TRAVEL TALES Earlier this year, a wave of revolution swept the Arab world: Tunisia and Egypt deposed their dictators through popular protest, almost all of it nonviolent and nonsectarian, with similar uprisings — many still in progress — in pretty much every other country with a substantial Arab population. Democracy was the stated goal of many of these upheavals, and a newly technologized pan-Arab youth movement was leading the way to freedom via Facebook and Twitter, using social networking to undermine long-entrenched authoritarianism.
It was inspiring. It was exhilarating. It was absolutely delicious.

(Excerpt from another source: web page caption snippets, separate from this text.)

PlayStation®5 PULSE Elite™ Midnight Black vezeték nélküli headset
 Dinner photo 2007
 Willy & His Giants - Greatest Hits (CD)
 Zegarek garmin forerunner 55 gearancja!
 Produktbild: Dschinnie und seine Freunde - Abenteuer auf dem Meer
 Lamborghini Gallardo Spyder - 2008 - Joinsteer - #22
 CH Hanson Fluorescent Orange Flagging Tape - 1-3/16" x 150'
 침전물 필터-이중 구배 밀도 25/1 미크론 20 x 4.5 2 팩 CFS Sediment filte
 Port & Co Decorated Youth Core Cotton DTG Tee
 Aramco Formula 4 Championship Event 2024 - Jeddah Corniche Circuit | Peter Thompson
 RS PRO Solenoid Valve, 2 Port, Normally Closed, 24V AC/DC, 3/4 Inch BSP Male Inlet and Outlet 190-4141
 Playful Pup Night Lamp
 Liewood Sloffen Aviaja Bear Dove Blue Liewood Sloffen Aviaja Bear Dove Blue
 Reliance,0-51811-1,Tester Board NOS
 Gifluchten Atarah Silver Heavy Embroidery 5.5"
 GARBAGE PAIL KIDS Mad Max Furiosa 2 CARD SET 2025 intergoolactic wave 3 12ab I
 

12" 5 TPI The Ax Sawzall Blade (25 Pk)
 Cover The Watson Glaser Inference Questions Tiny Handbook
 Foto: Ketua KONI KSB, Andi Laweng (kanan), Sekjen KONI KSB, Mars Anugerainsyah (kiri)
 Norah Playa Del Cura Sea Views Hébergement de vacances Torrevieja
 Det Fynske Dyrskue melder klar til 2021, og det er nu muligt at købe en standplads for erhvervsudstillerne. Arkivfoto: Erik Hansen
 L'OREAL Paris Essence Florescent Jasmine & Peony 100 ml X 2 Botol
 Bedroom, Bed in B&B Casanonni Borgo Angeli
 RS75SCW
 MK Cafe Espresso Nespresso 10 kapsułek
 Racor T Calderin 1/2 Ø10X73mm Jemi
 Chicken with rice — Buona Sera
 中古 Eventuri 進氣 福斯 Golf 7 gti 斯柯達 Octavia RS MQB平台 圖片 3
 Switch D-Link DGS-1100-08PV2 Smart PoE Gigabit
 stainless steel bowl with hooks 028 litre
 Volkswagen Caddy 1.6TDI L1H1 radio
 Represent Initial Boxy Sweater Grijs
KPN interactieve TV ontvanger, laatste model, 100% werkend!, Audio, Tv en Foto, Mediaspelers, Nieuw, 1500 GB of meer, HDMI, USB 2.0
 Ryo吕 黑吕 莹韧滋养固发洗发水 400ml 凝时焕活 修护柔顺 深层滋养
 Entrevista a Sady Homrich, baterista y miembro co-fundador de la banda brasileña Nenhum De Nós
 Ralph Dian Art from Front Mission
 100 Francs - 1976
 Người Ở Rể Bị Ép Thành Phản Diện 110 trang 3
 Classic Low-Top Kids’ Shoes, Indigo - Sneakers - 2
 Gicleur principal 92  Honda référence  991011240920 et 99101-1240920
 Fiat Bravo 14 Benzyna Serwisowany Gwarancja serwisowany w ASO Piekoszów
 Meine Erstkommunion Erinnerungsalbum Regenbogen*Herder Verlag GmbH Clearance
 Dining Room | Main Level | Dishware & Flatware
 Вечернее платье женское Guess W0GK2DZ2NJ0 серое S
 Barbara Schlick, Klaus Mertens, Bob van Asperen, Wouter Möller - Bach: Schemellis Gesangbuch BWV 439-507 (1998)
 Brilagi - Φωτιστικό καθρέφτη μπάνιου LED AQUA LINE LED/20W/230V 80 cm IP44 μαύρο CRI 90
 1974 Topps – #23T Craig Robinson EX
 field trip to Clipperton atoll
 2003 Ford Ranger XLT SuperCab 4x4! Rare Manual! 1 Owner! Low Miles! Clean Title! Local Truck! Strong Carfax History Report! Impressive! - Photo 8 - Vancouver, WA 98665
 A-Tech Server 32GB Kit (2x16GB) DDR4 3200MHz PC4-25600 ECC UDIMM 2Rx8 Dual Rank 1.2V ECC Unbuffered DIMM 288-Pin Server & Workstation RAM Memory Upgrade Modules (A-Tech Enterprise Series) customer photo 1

Pastry vendor, Marrakech. All photos by David Schnur
Hunky Beau and I wanted to taste the revolution. We planned a trip to check out Morocco — which, despite the nonviolent, populist Fevrier 20 movement, had so far escaped turmoil due to a popular and quick-footed king — and Tunisia, which was still dazed by its quick success and which we wanted to support with our meager tourist dollars and a show of good will. The outbreak of air bombing in Libya stymied any plans to expand our journey to Egypt, so we made do with more time in our Spanish travel base, Madrid, which underwent its own plaza-occupying convulsions while we were there, influenced by the Arab Spring.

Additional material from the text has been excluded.